Our game was submitted to the Extra Credits Innovation Awards (On http://www.escapistmagazine.com/), and while I don’t expect to win or even be nominated for an award, it’s still nice to know that we’re part of something a lot larger than just a little downloadable time waster. Plus, how awesome would it be to be able to give a demonstration of Grief at LOGIN? Ah well, dreams may remain dreams.

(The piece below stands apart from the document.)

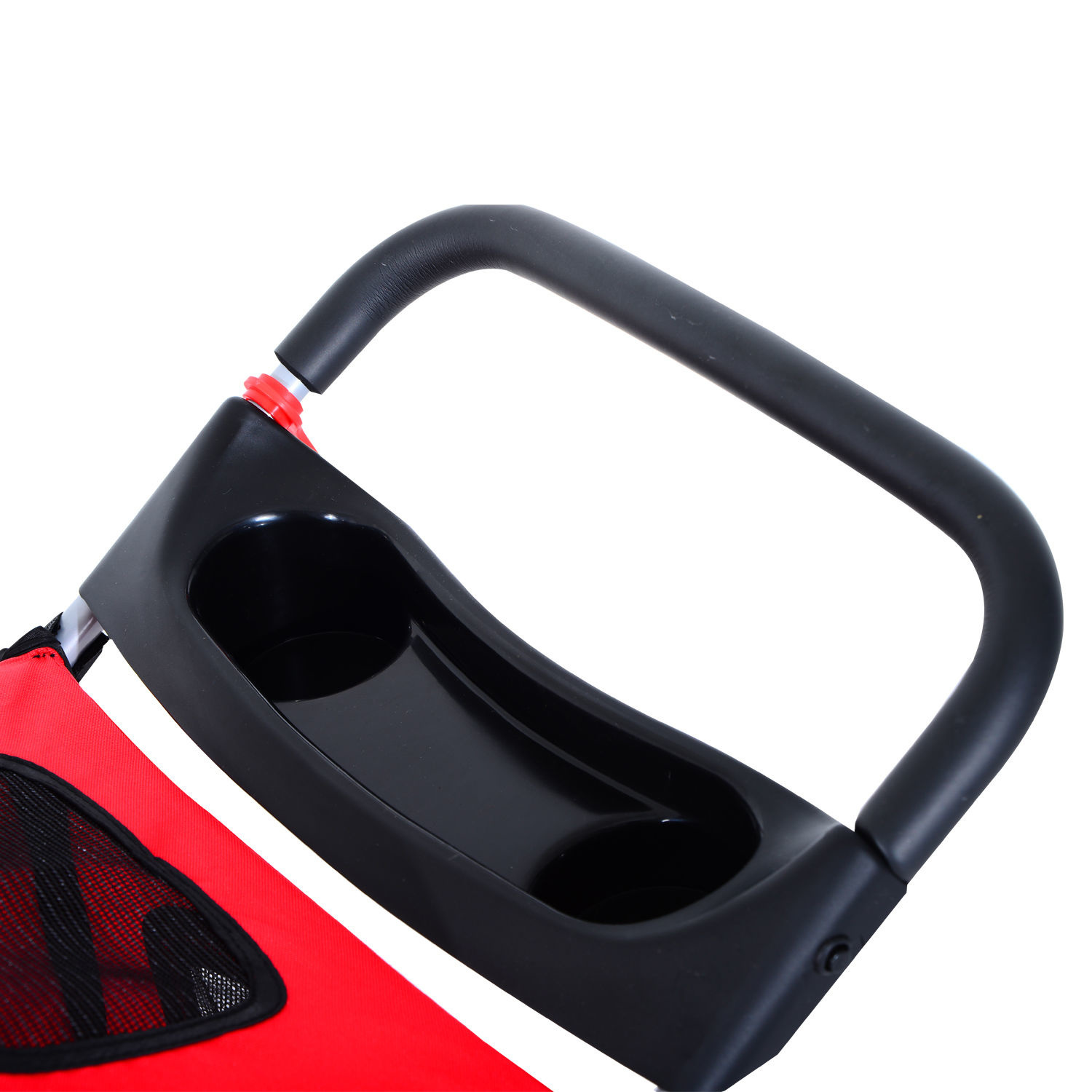 Paws Hondenbuggy met zonnedak en opbergnet rood 75 x 45 x 97cm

If things continue on this streak of good luck (Knock on wood, real wood not the shitty fake wood my desk is made of) then we should get a feature by Jayisgames this Saturday and a potential feature by indiegames.com at some point in the next week. Though, indiegames seems to have made a point of ignoring every email I’ve sent them in the past year, so I’m not holding my breath for that one. While it’s nice to get a download boost from Jayisgames and co., I honestly think that my favourite part about releasing a game is just reading the small, individual comments of people who have stumbled across our games completely by accident. Game reviewers are wonderful, but there’s something in hearing from our target audience that we’re doing a good job that just can’t be beat.

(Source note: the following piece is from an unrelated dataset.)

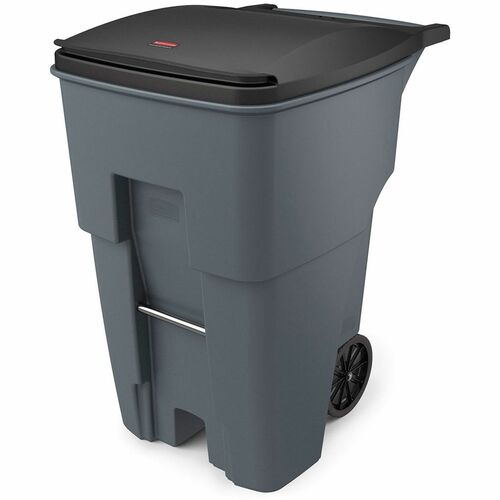 Container, Rollout, 95 Gallon, Gray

Oddly enough, Grief seems to have erupted on Yoyogames, hitting the top 15 on “Top Games”. Will it stay there? Will it go up, or drop? Only time will tell. I for one am ecstatic about this development, considering that Bun Dun was ignored on Yoyogames when we released it.

Anyways, that’s all for now! Remember, this is only day ONE of Grief’s release. Who knows what the future might hold for us?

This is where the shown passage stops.